“I still think it would be better if Mike were here,” said Wendy. “I spoke to him about twenty minutes ago, so I’m sure he’s nearly here by now.”
“I doubt it,” said Playfair, smiling again. “It took Miss Flava and I fifteen minutes just to hike up from the car-park. Unless Mike lives in the car-park, I’d say he’s still a way away from us. And while we’re standing here talking, who knows what you’ve got the porters doing to the body?”
“The signs say the swimming pool is over there,” said Miss Flava, pointing. There were little white signs with black lettering and arrows indicating directions by each closable door leading off reception. Wendy looked furious.
“Let’s go then,” said Playfair. “When Mike arrives we’ll be at the swimming pool. Unless he takes a half-hour or so, in which case I imagine we’ll be back here again talking to you some more.”
Wendy scowled and glared at computer screen behind the desk. Then she pointedly starting tapping on the keyboard and moving the mouse with sharp, jerky movements, not looking up again. Playfair shrugged as though he had no idea what had caused her bad temper, and led the way through the archway towards the sign indicating the swimming pool.
The room off the reception was flooded with sunlight as the entire side-wall was windows held in slender steel frames. The view, out across the town at the foot of the mountain, and then onto rolling green fields and hills, was spectacular and the kind of thing you expected to see on the cover of shortbread tins. There were fluffy white clouds hovering in the azure sky, and dark shapes that might have been birds of prey.
The room was filled with furniture, to the point of clutter. There were lots of small square tables, around which were invariable four hard-backed chairs. The tables were too small for four people to comfortably eat at, and instead of cutlery, there were pencils at all four corners. Beneath the windows were a couple of bright white sofas, overstuffed and low-seated so that sitting in them was like falling backwards into a cloud. Miss Flava noted that they looked very hard to get up gracefully from, and probably very hard for a lady to sit gracefully on.
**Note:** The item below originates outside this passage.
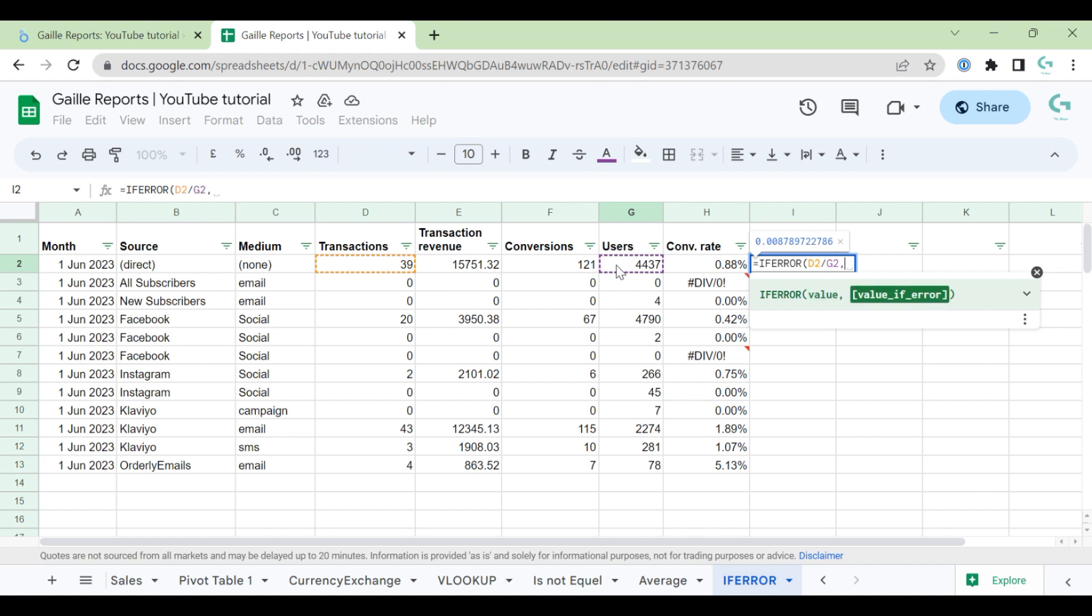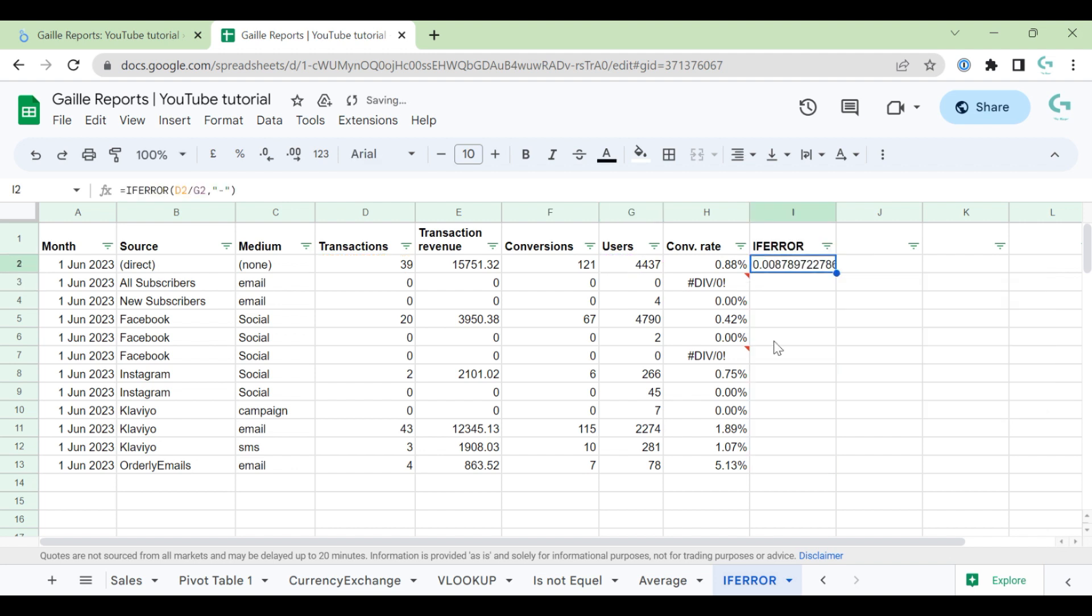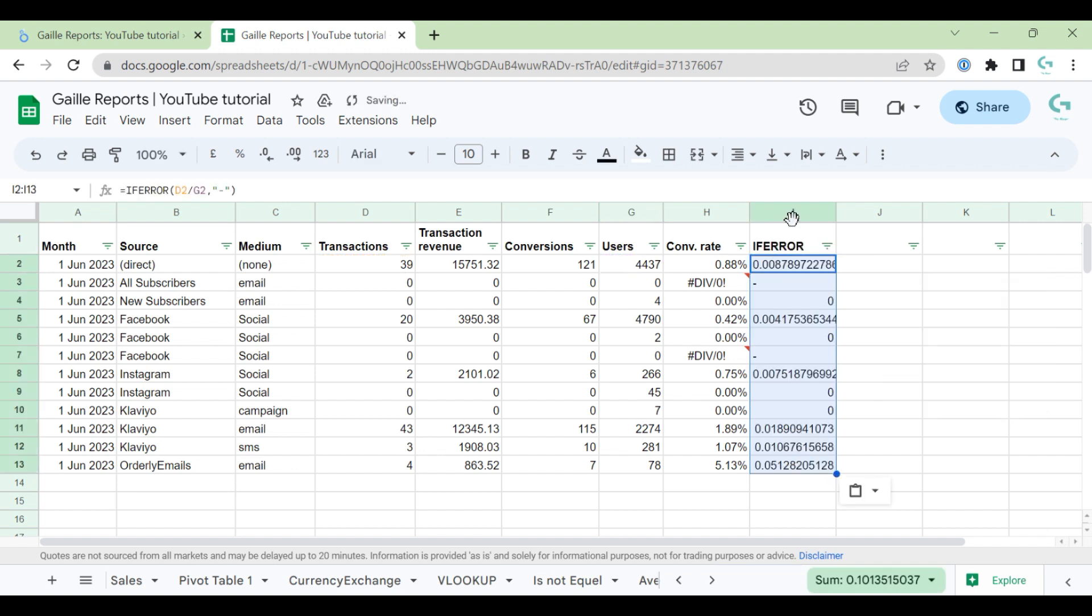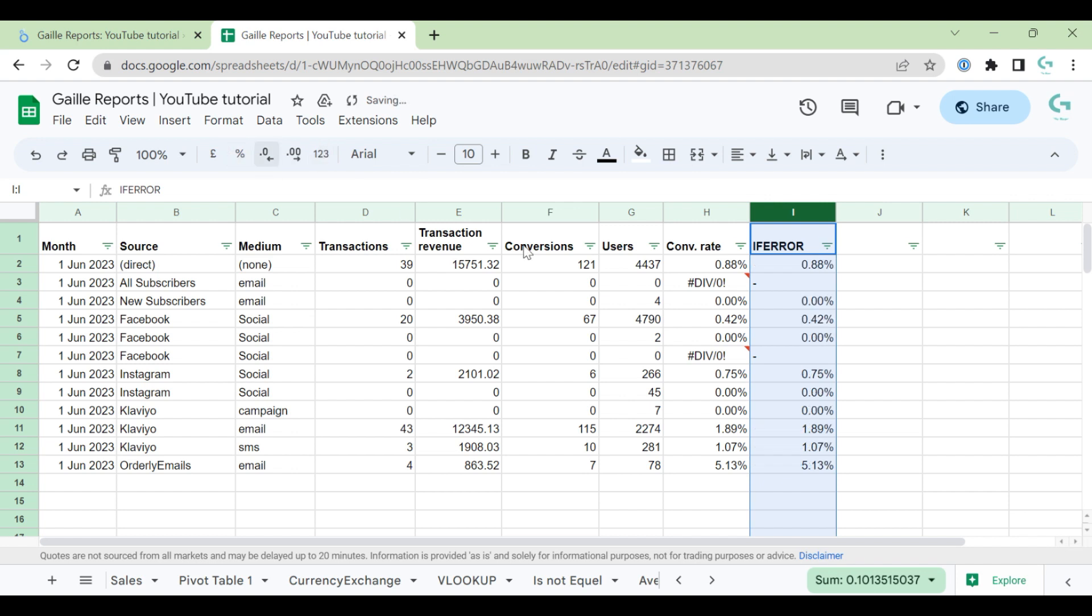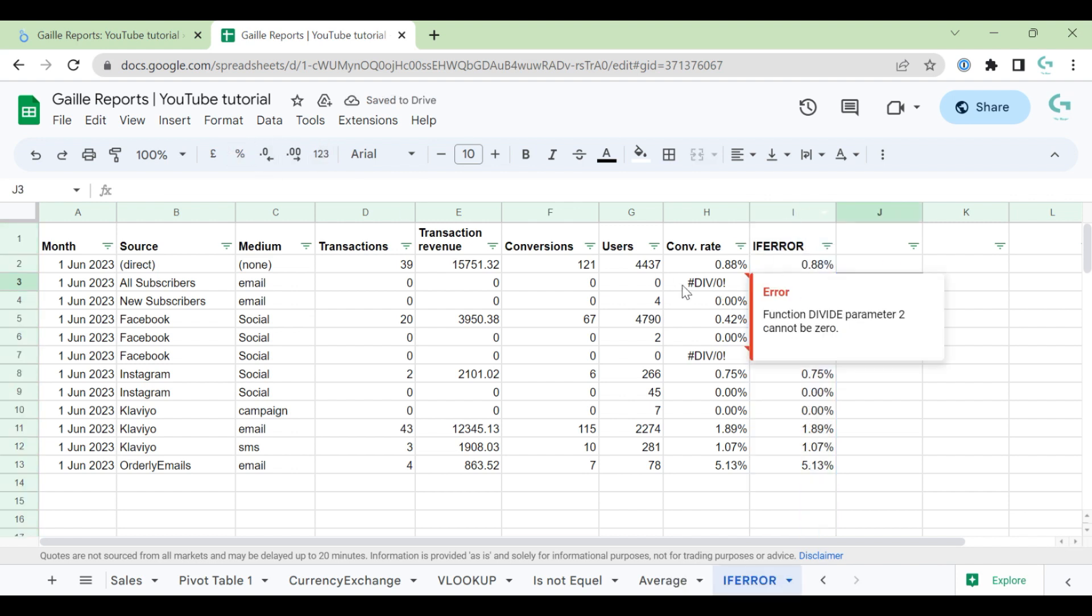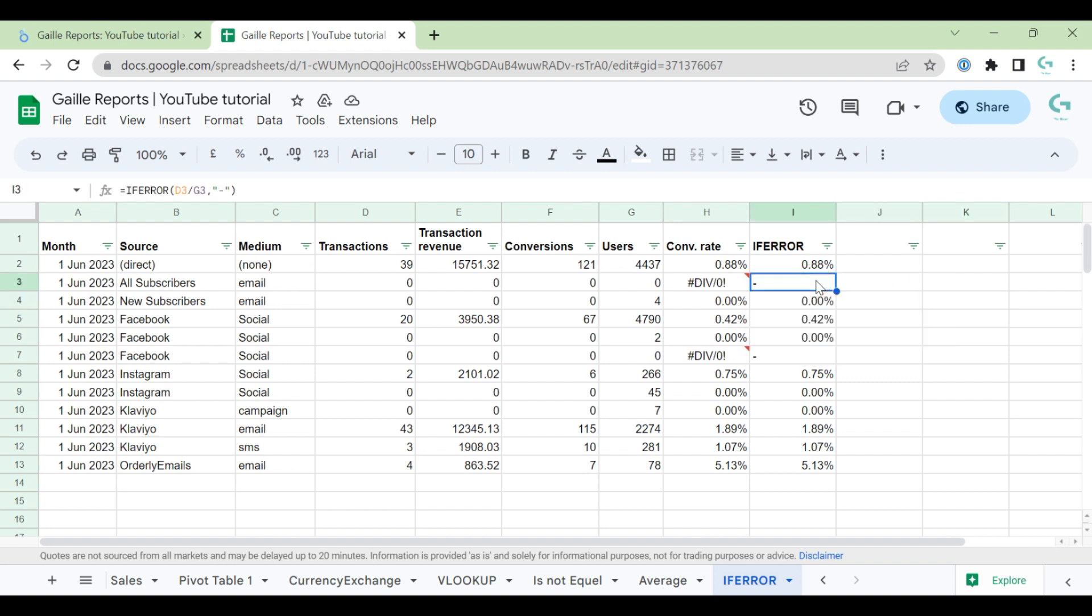Transactions divided by users. Value if error, for example I would like to use this symbol. It looks already nice. We don't have an error, but Looker Studio still will understand it as text. So we should avoid any symbol, but use a number.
At the end of the room was a larger table set with the requisite four chairs, and an easel. To the left of the easel was a wooden door with three directional signs attached to the wall, all indicating that beyond the door were the swimming pool, the changing facilities, and the Billiards room.
Playfair opened the door, yanking on the handle so hard that it literally flew open and Miss Flava felt the draught of air from it. On the other side was a narrow, beige-carpeted corridor with institutional-green walls and tiny slit windows up near the ceiling to provide daylight. Fluorescent tubes ran the length of the corridor in the dead-centre of the ceiling. Near the other end one was flickering.
Miss Flava closed the door behind her out of a natural sense of tidiness, and as soon as the door clicked shut Playfair spoke.
“She’s lying,” he said.
“Well yes,” said Miss Flava, who’d noticed it as well. “About just about everything if you ask me, but what caught your attention in particular?”
“Bob,” said Playfair, advancing down the corridor. The narrowness of the corridor meant that he could block it by squaring his shoulders and walking down the middle of it, which he was doing. “There’s no way she and Bob were close. I’d say if he ever tried it on with her he went home with a fat lip.”
“Really?” Miss Flava considered Wendy for a moment, and wondered if the woman was really capable of violence. Most were, she admitted, but Wendy didn’t seem the type to hit people. Sarcasm maybe, that seemed to be a given. Or telling lies about them behind their backs. “I was more interested in why they moved the body. Do you think she really called the Board of Directors for advice? It seems… I don’t know, above her station somehow. I don’t see why she’d think to call them at all to be honest.”
“And is Clara dead or not?” asked Playfair. He’d reached the end of the corridor now, where it branched both left and right. The signage indicated that the pool and the changing facilities were to the left, and the Billiards room to the right. “That seems like a very pertinent question.”
“Who’s Clara?” asked Miss Flava. “Left, Playfair, we’re going to the swimming pool.”
Playfair reversed direction. “I suppose the body shouldn’t wait,” he said. “Clara, the owner of the place Clara. Whom the pianist told us was expecting us, and that nurse told us was three years dead. Either this body’s been here a lot longer than we knew about, and Clara died waiting for us to get here, or someone’s got the wrong end of a very sticky stick.”
The corridor widened suddenly, just in time to accommodate double doors with glass panels reinforced with steel mesh. Playfair flung them open like a diva making her entrance on stage, and found himself confronted by another set, through which the swimming pool could be seen, and an archway to the right that led into a tiled area, presumably the start of the changing facilities. He pushed open the second set of double doors and a whiff of chlorine made Miss Flava choke momentarily. When her eyes cleared again the doors were swinging behind Playfair, who was striding over to a man in evening dress lying prone at the side of the pool.